Roland Passot : À coup sûr le Farm to Table ! Dans les années 70, la haute gastronomie française régnait aux Etats-Unis. Lorsque tout jeune je suis arrivé aux USA, j'ai commencé dans un restaurant français à Chicago. Tous les produits provenaient de Rungis : poissons, framboises, fraises, champignons, truffes… ! En 1980, je suis arrivé en Californie du Nord. J'étais chef du restaurant Le Castel. Là encore, on importait nos produits. Et j'ai entendu parler d'Alice Waters et de Jeremiah Tower, propriétaire du Stars. Ils avaient trouvé des fermiers qui étaient prêts à faire des produits pour les chefs. Beaucoup de chefs se sont dit que c'était une mode et que ça ne durerait pas. J'ai pensé exactement le contraire. En ouvrant mon propre restaurant La Folie, j'ai adopté cette tendance, dont je sentais qu'elle allait conquérir le public. Ces produits locaux, je les utilisais dans une cuisine française revisitée franco-californienne. Depuis ce jour, je pars faire les marchés avec mes chefs et nous composons ensemble les menus à partir de produits locaux de saison.
Qui sont aujourd'hui vos clients et quelles sont leurs attentes ?
Le boom de la Tech a eu un véritable impact.

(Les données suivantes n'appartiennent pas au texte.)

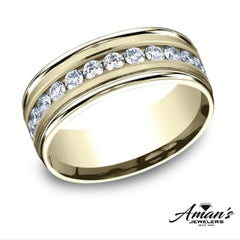 14K 1.00ct Diamond Channel-Set Wedding-Band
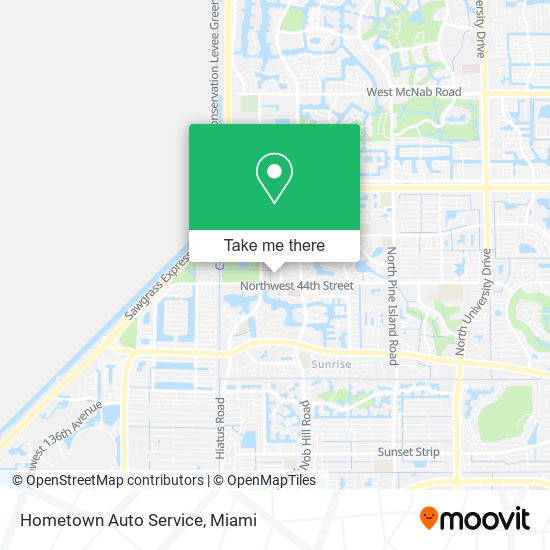 Hometown Auto Service map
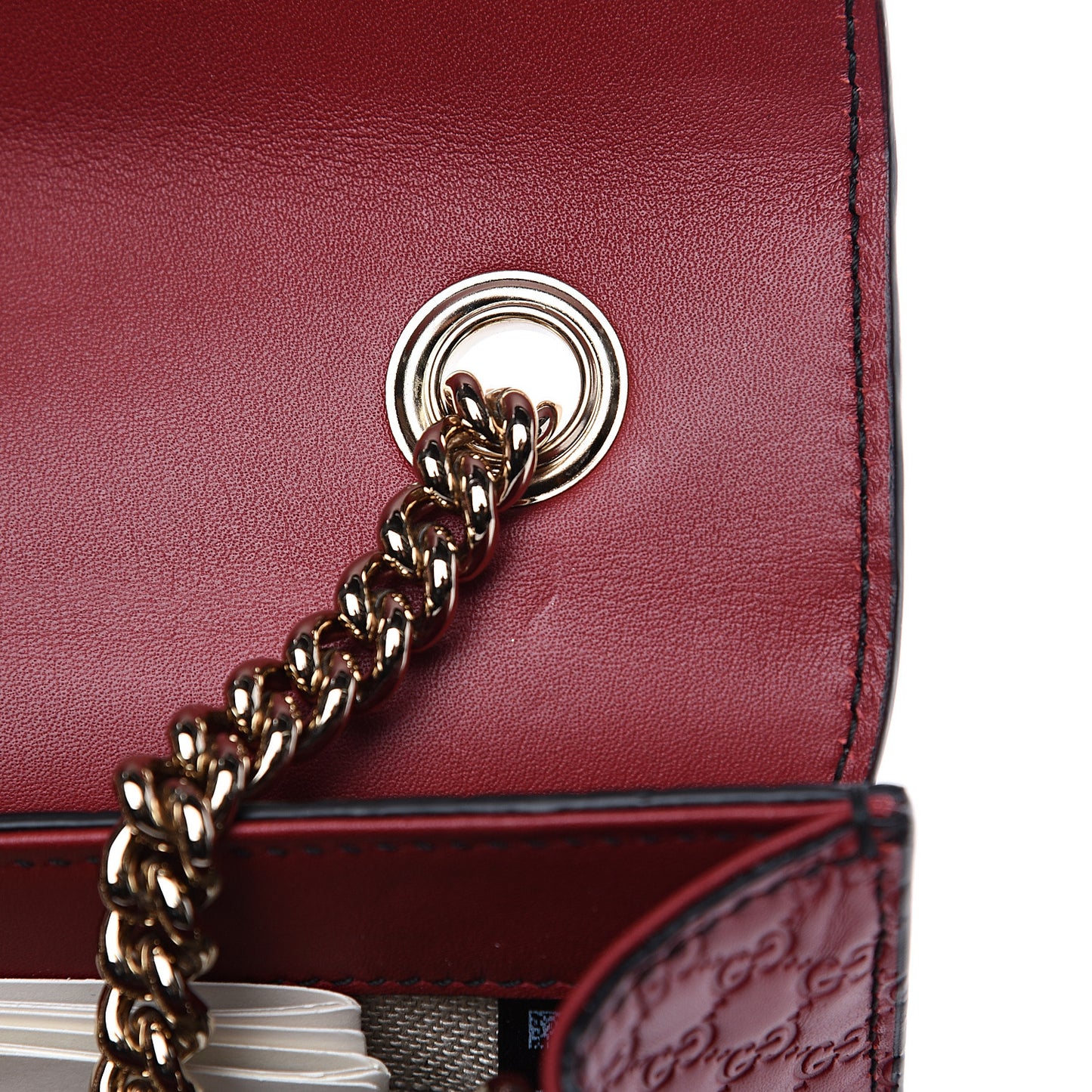 Soft Microguccissima Mini Emily Chain Shoulder Bag Rosso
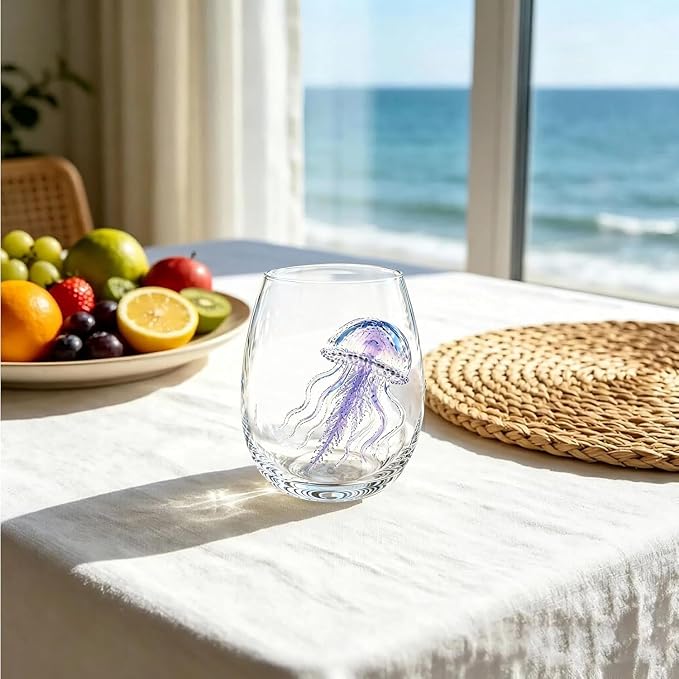 Artisan Blue Octopus Glassware Handmade 3D Ocean Decor Gift - Image 2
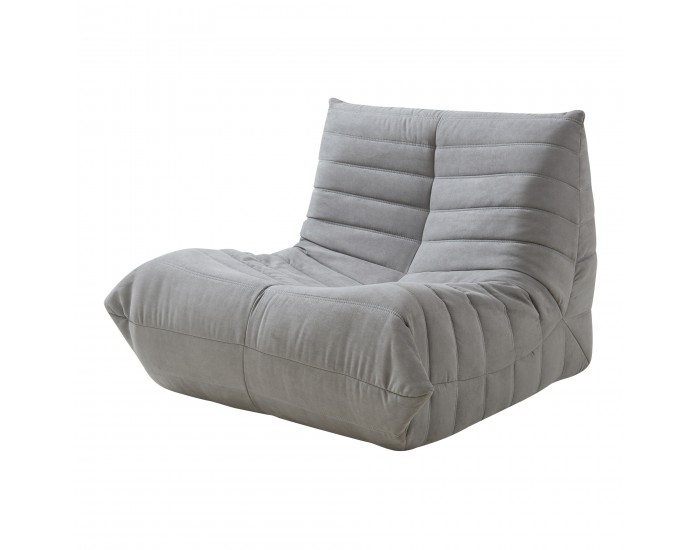 Стол за под Kodsø 75x90x100 см микрофибър сив []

Aujourd'hui nous avons une clientèle de plus en plus jeune, souvent novice en termes de haute gastronomie. Les foodies de la Tech ne mangent pas chez eux, ils essaient tout type de cuisine (japonaise, indienne, française). Nous nous sommes donc adaptés en proposant une cuisine classique et moderne à la fois, avec des touches interculturelles (épices mexicaines, sauces japonaises…). Il faut évoluer avec cette jeunesse, ne pas se fermer, le futur de la cuisine, c'est eux !
Vous dites que vous n'avez plus de concurrents français qui proposent une cuisine gastronomique à San Francisco. Est-ce à cause de leur manque d'adaptation face à ce changement ?
Oui, ceux qui ont décidé de conserver leurs habitudes, avec leurs menus exclusivement français à partir de produits importés n'ont pas pu tenir et ont tous mis la clef sous la porte. Je suis le seul dans mon domaine. Mes concurrents sont américains. Il y a donc de la place ici pour les jeunes Français.
Recrutez-vous des candidats venant de France ?
Oui, La Folie recrute. Il faut donner sa chance à la nouvelle génération. J'aime former les talents. Cela me permet aussi d'évoluer au contact de regards innovants, d'apporter des touches inédites au style de ma cuisine. Je suis donc ouvert aux candidatures, y compris et peut-être surtout celles venant de France, car la formation française est sans égale. Qu'ils viennent me voir, je les aiderai. Et la Chambre de Commerce Franco-Américaine (FACCSF) sera là pour les conseiller, quel que soit leur projet.
Comment soutenez-vous la communauté française localement ?
Je soutiens la FACCSF qui fait un travail promotionnel exceptionnel pour toute la communauté entrepreneuriale franco-américaine de San Francisco, la baie et la Silicon Valley, notamment grâce à son équipe dynamique dirigée par Sophie Woodville. Il faut savoir que la communauté française ici compte près de 60 000 ressortissants français et que de nombreuses entreprises françaises (déjà établies ou start-ups) la compose. Johanne Mamet, directrice des événements à la Chambre de Commerce Franco-Américaine de San Francisco joue aussi un rôle très important dans cette activité promotionnelle et organise notamment plus de 100 événements par an.